Бертон в «Анатомии меланхолии» (1621) называл зависть в числе главных пороков времени, способных сделать человека мстительным и внушить ему ненависть к людям. Завистник может пролить кровь даже без всякого повода, а такое убийство — самый худший грех {R. Burton. The Anatomy of Melancholy, vol. I. London, 1902, p. 310.}. Поэтому, например, преступление Клавдия в «Гамлете», усугубленное мотивом кровосмесительной страсти и совершенное по явно «макиавеллистским» образцам, должно было казаться современникам Шекспира особенно отвратительным.
Кровная месть вызывала к себе двойственное отношение. Месть убийце отца или сына вообще казалась законной (особенно в тех случаях, когда было трудно или вовсе невозможно апеллировать к правосудию), и общественное мнение обычно симпатизировало мстителю, хотя ограничивало его в выборе средств отмщения. Распространенный взгляд на допустимость мести ясно выражен в романе Томаса Лоджа «Маргаритка Америки» (1596), где отец, провожая сына в чужую страну, дает ему следующее напутствие: «Мстя, будь смел, но не чрезмерно жесток» {Th. Lodge. Complete Works, vol. III. London, 1883, p. 18.}.

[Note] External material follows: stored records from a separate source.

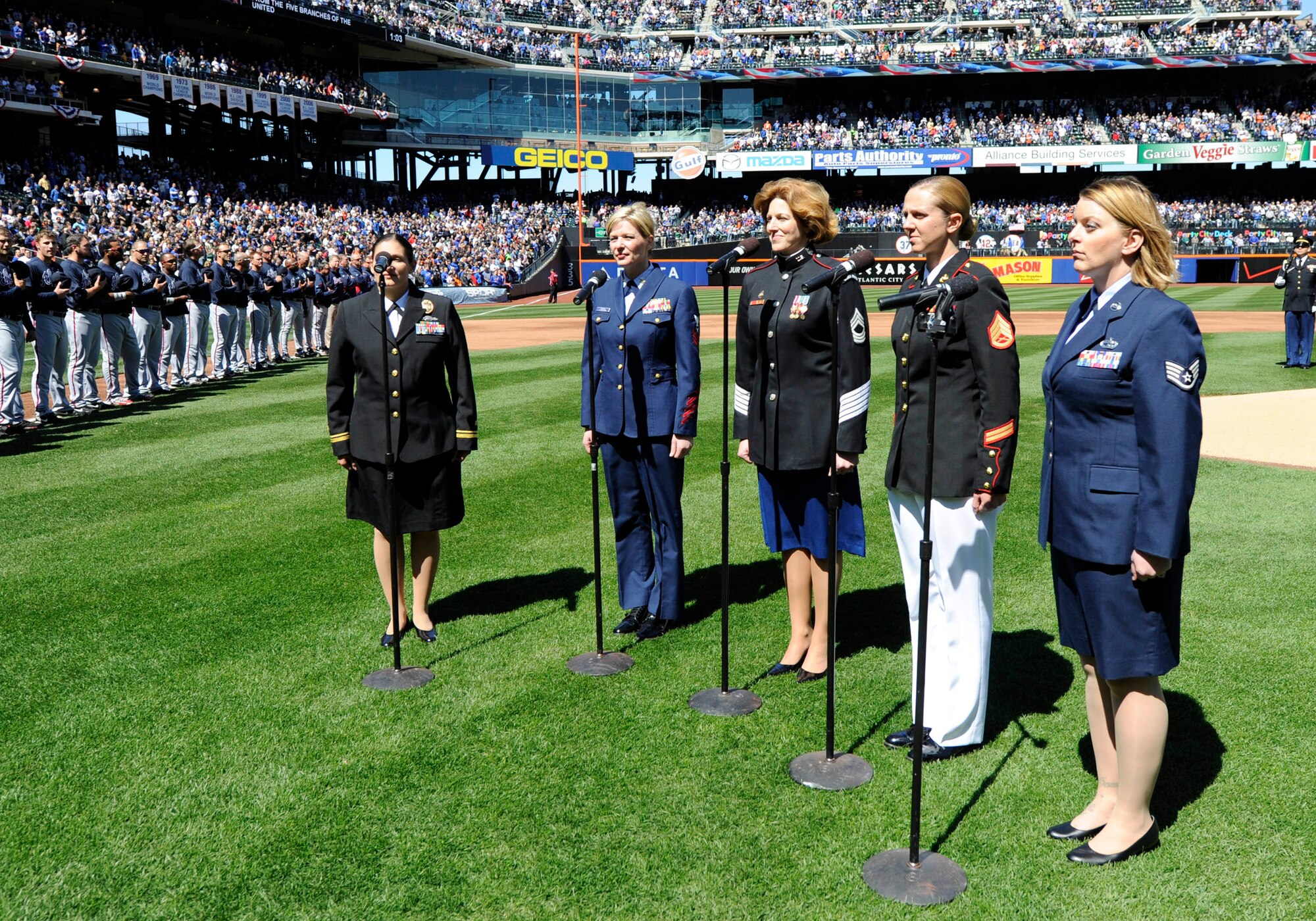 FLUSHING, N.Y.— Staff Sgt. Samantha Johnson (right), 314th Recruiting Squadron enlisted accessions recruiter, sang the National Anthem prior to the New York Mets vs. Atlanta Braves baseball game here April 5. Johnson was selected to sing the national anthem along with a female representative from each branch of the armed services. This is the first time Johnson has sung the national anthem at a professional sporting event. (Courtesy photo/Marc Levine)
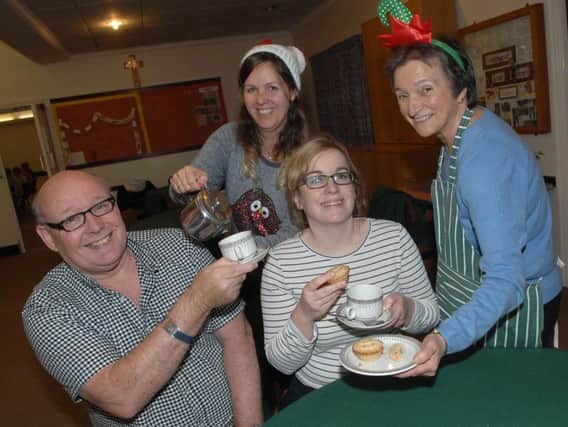 Attendees of Dementia Forward's wellbeing cafe share memories over a mince pie.
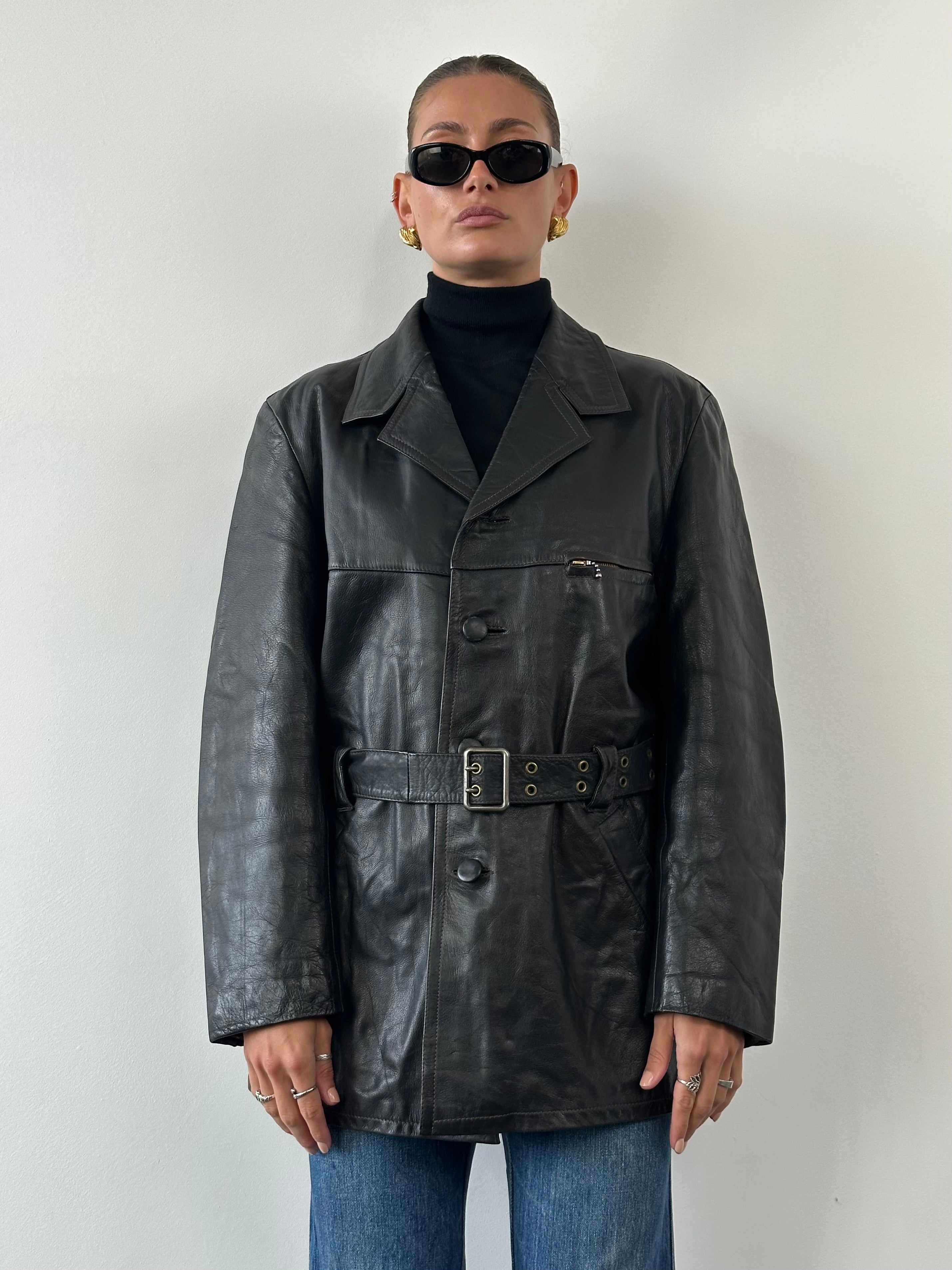 Vintage belted leather jacket in XL, featuring classic design, leather texture, and stylish front belt detail.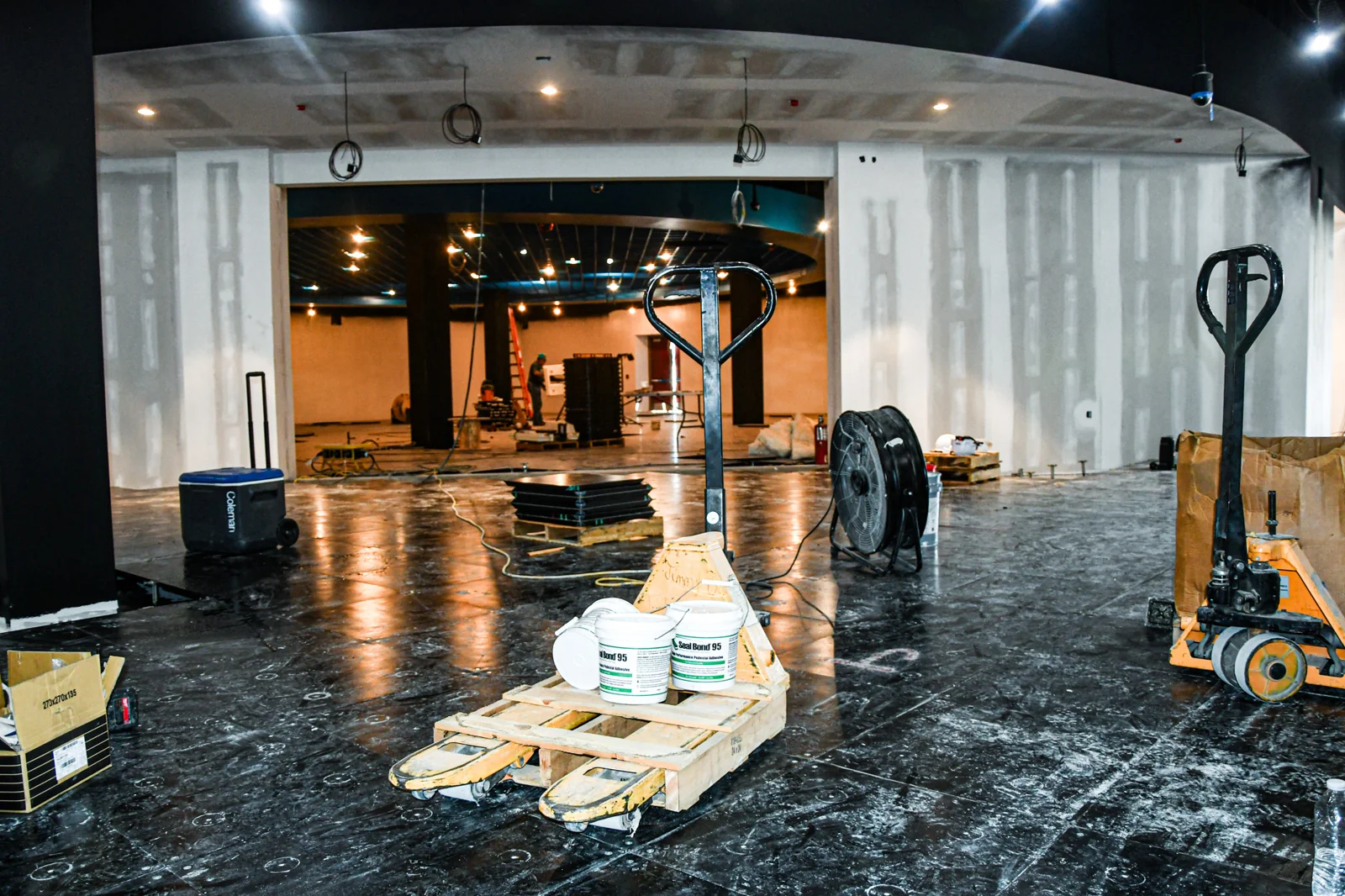 Raised flooring and staged materials during interior construction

Гамлет отказывается от намерения убить Клавдия во время покаянной молитвы, полагая, что такая смерть будет не мщением, но наградой («hire and salary») злодею. Последующее пространное изложение доводов в пользу более жестокого наказания убийцы отца (III, 3) воспринимается как попытка оправдания, продиктованная опасением упреков в «макиавеллизме».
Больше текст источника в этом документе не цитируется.